Optimization Tip for Advanced Players: Explore and support projects like GOG.com, which specializes in selling DRM-free games packaged with community-made fixes and emulators to ensure long-term functionality on modern systems. This is a proactive way to vote with your wallet for preservable software.
This fragility has led to a dark age for titles from the 2000s and 2010s. Hundreds of classic games are now inaccessible through legitimate channels, creating a preservation gap. This void directly fuels the rise of software piracy and the emulator scene. While often portrayed as illicit, these methods frequently serve as the only remaining archives for lost digital works. The situation raises legal and ethical questions: is it wrong to preserve what the market has abandoned?
The technical hurdles are immense, involving reverse engineering, server emulation, and circumventing defunct authentication. Organizations like the Video Game History Foundation are doing essential work, but they operate in a legal gray area, often relying on exemptions for archival work that don’t always neatly apply to software.
Current Status and Future of the Initiative
As of now, the Stop Killing Games petition on the European Citizens’ Initiative portal is approaching its July 2025 deadline. The campaign has struggled to gather the required volume of signatures across EU member states to force an official legislative response from the European Commission.

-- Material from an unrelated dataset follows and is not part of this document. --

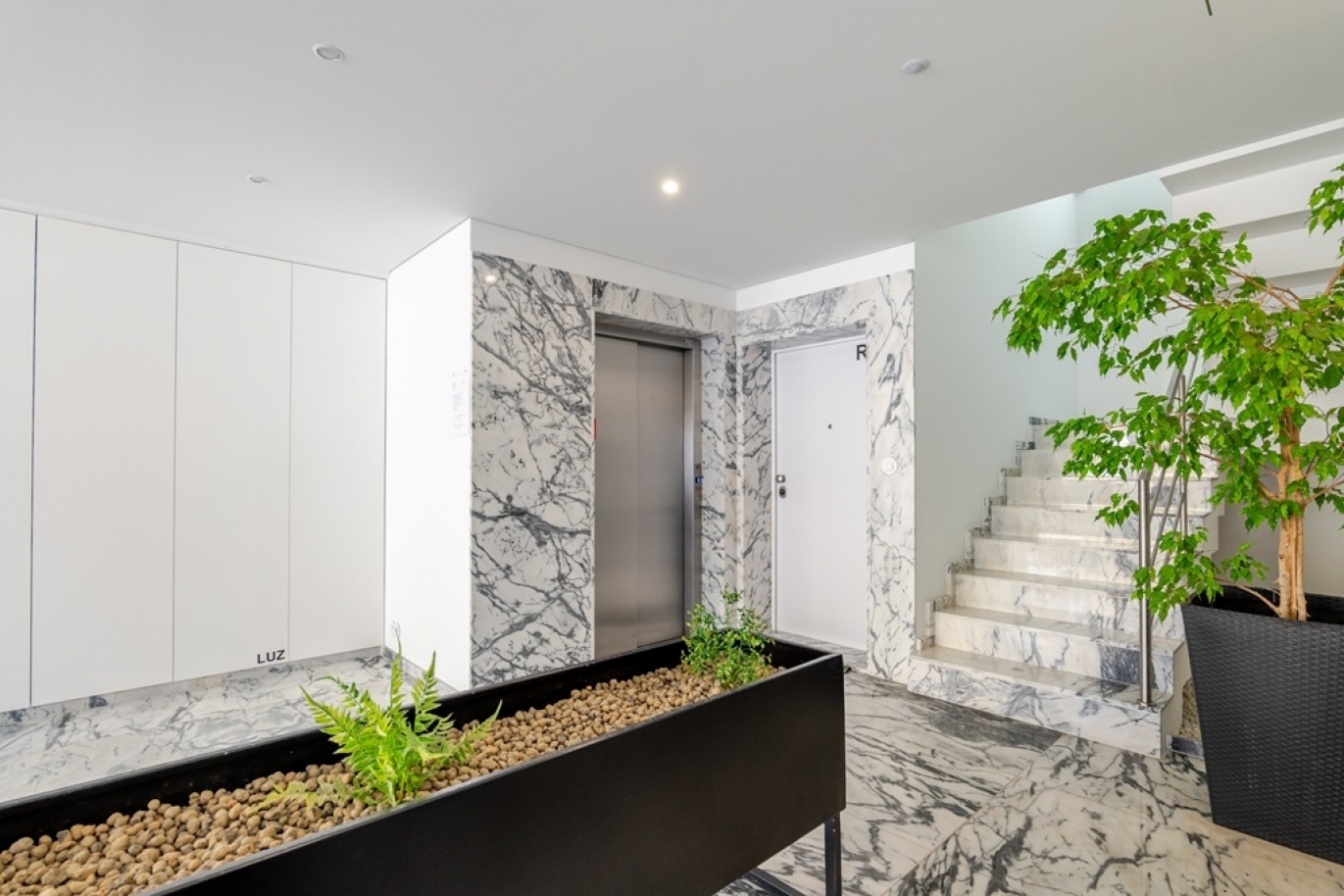 Apartamento T2 com vista rio para arrendar centro de Leça da Palmeira_385504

However, measuring its success solely by petition metrics misses the broader impact. The movement has successfully elevated the conversation about digital ownership and preservation into mainstream gaming discourse. It has pressured platforms like Steam to improve their policies regarding dead games and sparked internal discussions at publishers about more graceful shutdown procedures. The controversy has forced gamers to scrutinize End User License Agreements (EULAs) and understand the precarious nature of their digital libraries.
Whether binding legislation emerges or not, the genie is out of the bottle. Consumer expectations are shifting, and the industry will likely face increased scrutiny and demand for transparency regarding game longevity. The ultimate legacy of Stop Killing Games may be a more informed and assertive player base.

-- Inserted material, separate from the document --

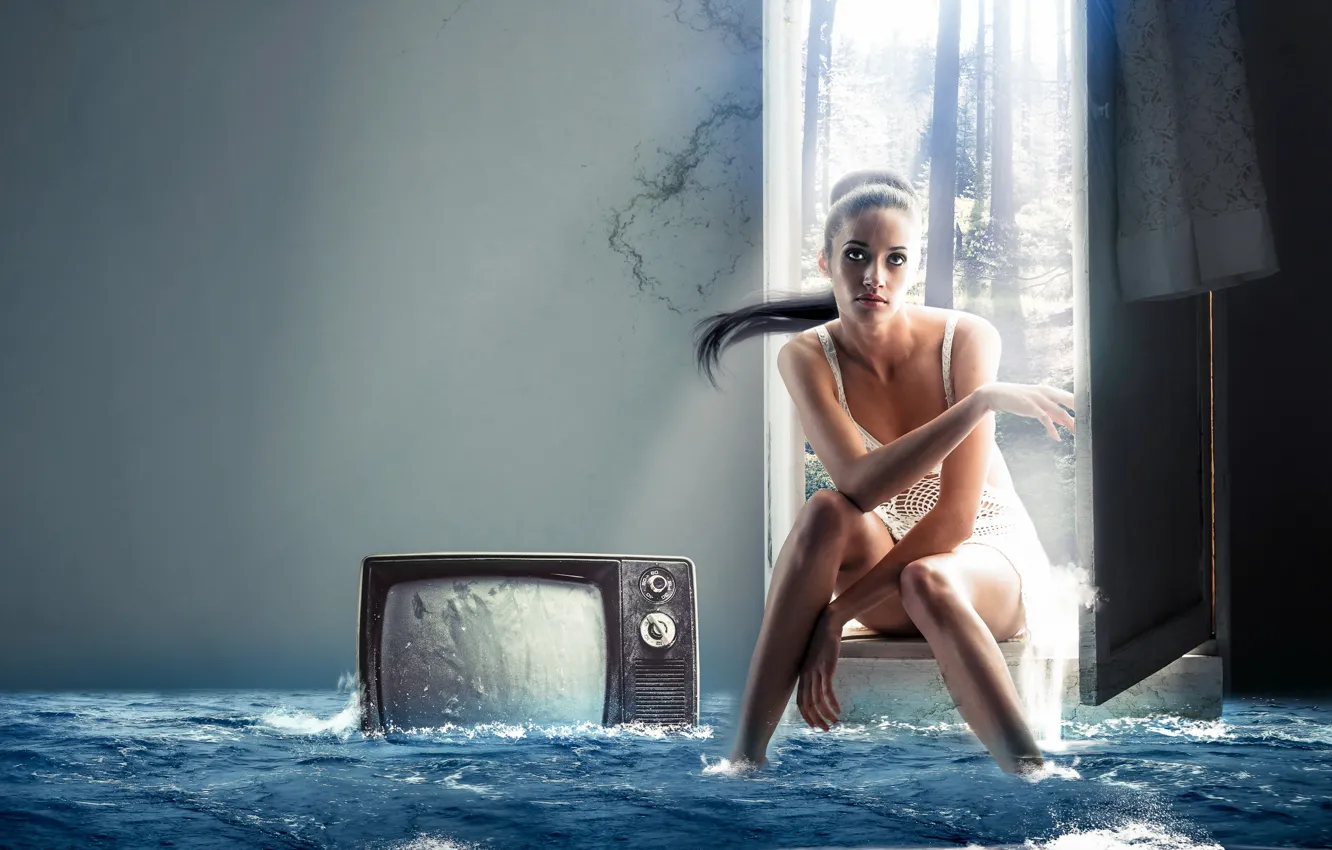 Фото обои девушка, ситуация, телевизор, потоп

Actionable Strategies for Gamers
While systemic change is pursued, individual players are not powerless. Adopting a preservation-minded approach can protect your investments and support a healthier ecosystem.

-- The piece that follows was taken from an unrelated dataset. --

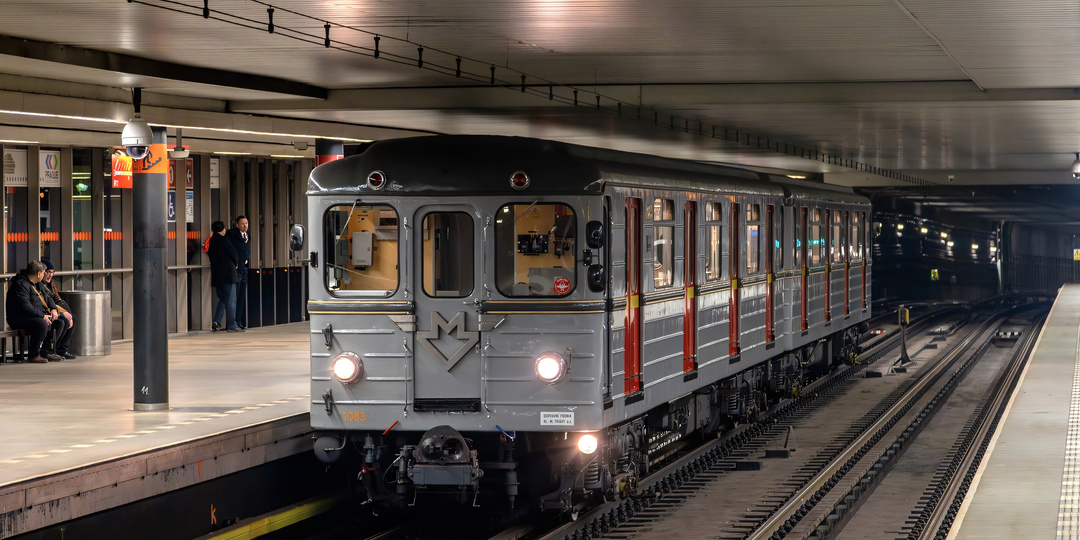 Метропоезд Ечс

Practical Tips and Strategies:
- Prioritize DRM-Free Purchases: Favor storefronts like GOG or itch.io that offer executable files you truly own and can back up indefinitely.
- Physical Isn’t Always Safe: Be wary of physical copies that require day-one patches or online passes; they can become coasters just like digital games.
- Support Archival Efforts: Donate to or volunteer with organizations like the Video Game History Foundation or the Internet Archive’s software collection.
- Document Your Gameplay: Create and share videos, guides, and screenshots. This “folk preservation” captures the experience even if the code is lost.
- Understand the EULA: Before purchase, check if the license agreement mentions server-based access or revocable licenses. Vote with your wallet accordingly.
The path forward requires action from all sides: developers planning for legacy, platforms offering better tools, and consumers making informed choices. The Stop Killing Games movement, regardless of its immediate political outcome, has provided the crucial vocabulary and framework for this ongoing fight to ensure gaming history isn’t deleted.